The billboard emerged just days after a spoof video of Trump violently stabbing and shooting critics, including journalists and politicians, was shown at his Florida golf resort. The clip sparked a backlash, with many blaming Trump, who often uses inflammatory language against critics. The White House said Monday that the president had not seen the clip, “but based upon everything he has heard, he strongly condemns this video.”
Trump Jr. referred to the incident in his Friday tweet.
“Hey,” he said in a tweet directed at The New York Times and other media outlets, “Since you had time to thoroughly cover a stupid and tasteless meme seen by 8 people with incredible outrage, I figured you should dedicate the same time and outrage to THIS BILLBOARD IN TIMES SQUARE.”
Some of the nation’s largest retailers, including Walmart, Patagonia and Levi Strauss have become increasingly outspoken during the Trump era, tackling such hot-button issues as gun control, immigration and the environment.
“Executives are feeling pressure to take a stand on social issues,” Peter Cappelli, a management professor at The Wharton School at the University of Pennsylvania. said in a phone call from Times Square. “This is a reflection of how unusual our political situation is at the moment.”
He said the billboard did not appear to be attracting any particular attention on Friday afternoon — it is placed high off the ground, among more prominent signs — though a few passersby paused to take photos. Another billboard, placed right below Dhvani’s, features pop-art of Trump as an alien.
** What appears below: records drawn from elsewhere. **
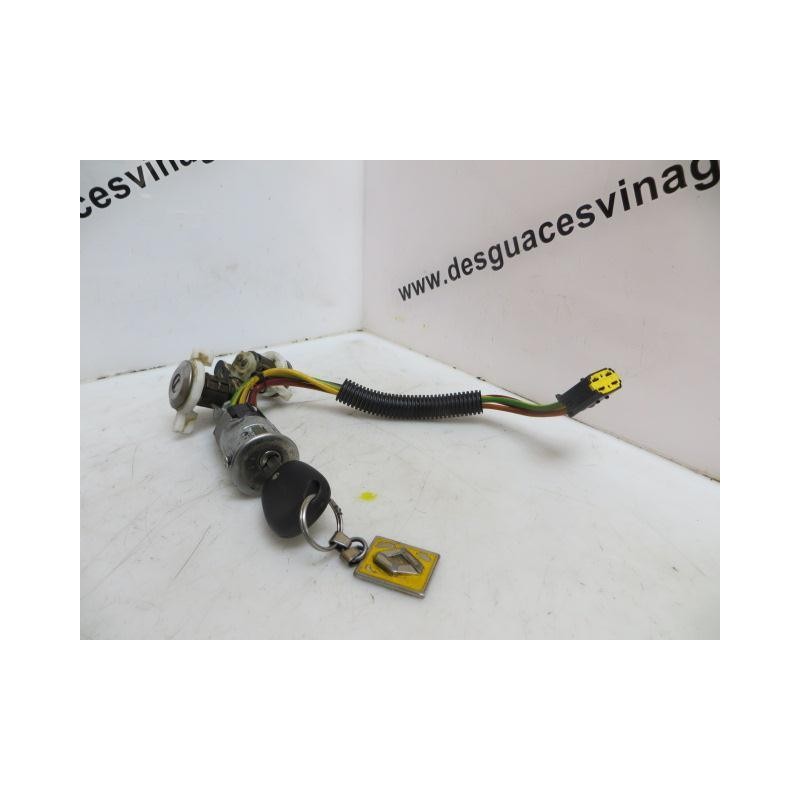 Recambio de antirrobo clausor de arranque : renault megane : 1.9 td dci/f9q k7 (102cv) 4p [2001] para renault megane 1.9 td dci/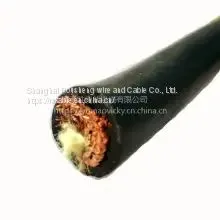 Single Core Waterproof Wire 4/6/8/10/12/14/16/18 Square Anti-lar Cable thumbnail-3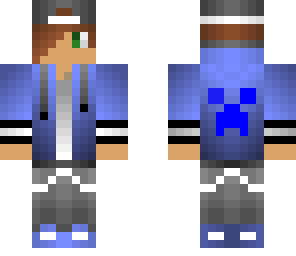 blue teeanger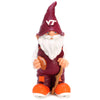 Virginia Tech Hokies NCAA Team Gnome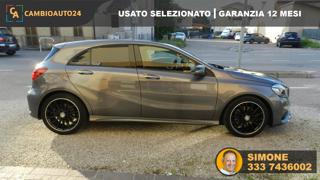 MERCEDES-BENZ A 250 usata, con Alzacristalli elettrici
“People want to do business with companies that stand for something,” said Anthony Johndrow, chief executive of Reputation Economy Advisors, a consultancy in New York. “It makes sense to not just take a stand, but to take a very aggressive stand.”
Brown, for his part, says he is rebranding Dhvani as an “Activ(ist)Wear” company and will donate a portion of its proceeds to nonprofits that provide health care to women. He says the retailer is specifically speaking out against the Trump administration’s Title X “gag rule,” which blocks federal funding for health care clinics that refer patients for abortions. More than 4 million women — many of them low-income and minorities — rely on Title X for health care. (Planned Parenthood, which served 40 percent of Title X patients, withdrew from the federal program earlier this year in protest.)
“We believe in capitalism,” Brown said. “Every dollar we spend is a choice. We vote with our dollars every single day.”
He said he’s gotten some feedback calling the billboard more publicity stunt than a political stand. It was unclear, they said, how an ad espousing violence against the president had anything to do with sports bras and yoga pants.
“This is an outsized punch, but what’s the real objective here?” said Chris Allieri, a crisis management expert and founder of Mulberry & Astor, a public relations firm in New York. “I just don’t know that this is an effective way to change the world. But at the same time, if their goal is to get exposure and sell leggings, well, maybe it’s worked.”
He likened the “extreme” image to a 2017 photo of Kathy Griffin holding a prop of Trump’s severed head, which led to swift backlash against the comedian.
“At the end of the day, the power is in the ballot box,” Allieri said. “It’s not at the cash register — what we purchase is one very small pieces of the puzzle.”